*Extracted entries*.
========

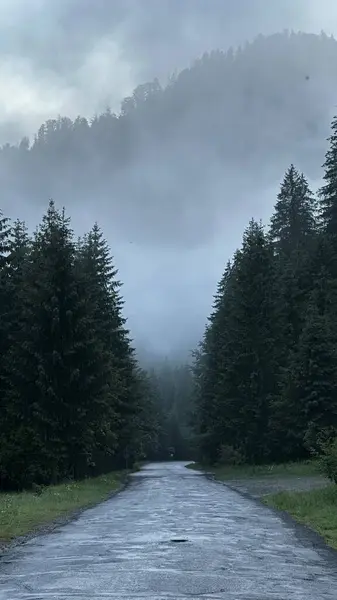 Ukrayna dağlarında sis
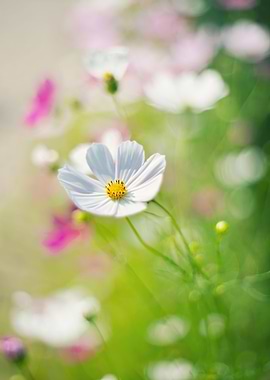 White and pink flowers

========

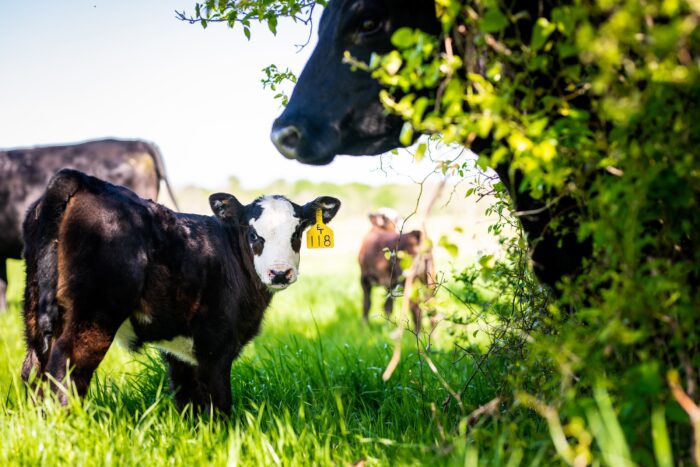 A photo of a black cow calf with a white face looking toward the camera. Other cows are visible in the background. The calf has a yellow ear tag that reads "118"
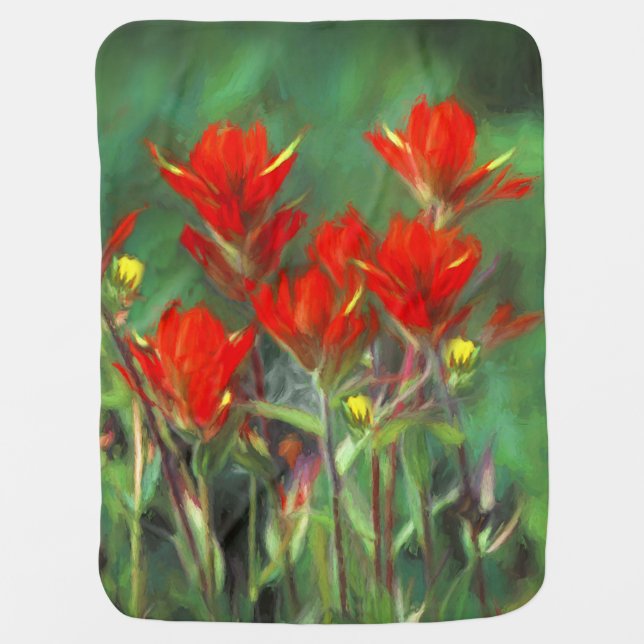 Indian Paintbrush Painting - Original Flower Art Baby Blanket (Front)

========

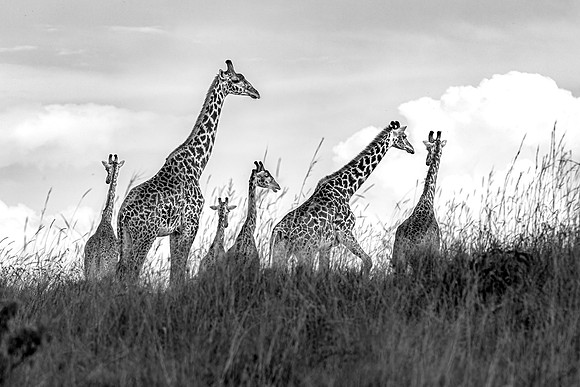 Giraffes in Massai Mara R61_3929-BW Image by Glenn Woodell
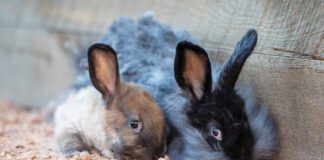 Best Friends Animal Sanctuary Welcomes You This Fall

========

*Goal of the exercise*. Everything above from the line containing "Giraffes in Massai" through the line containing "Best Friends Animal" must be repeated exactly, and the pictures must be left out.

*Output for this task*.
 Giraffes in Massai Mara R61_3929-BW Image by Glenn Woodell
 Best Friends Animal Sanctuary Welcomes You This Fall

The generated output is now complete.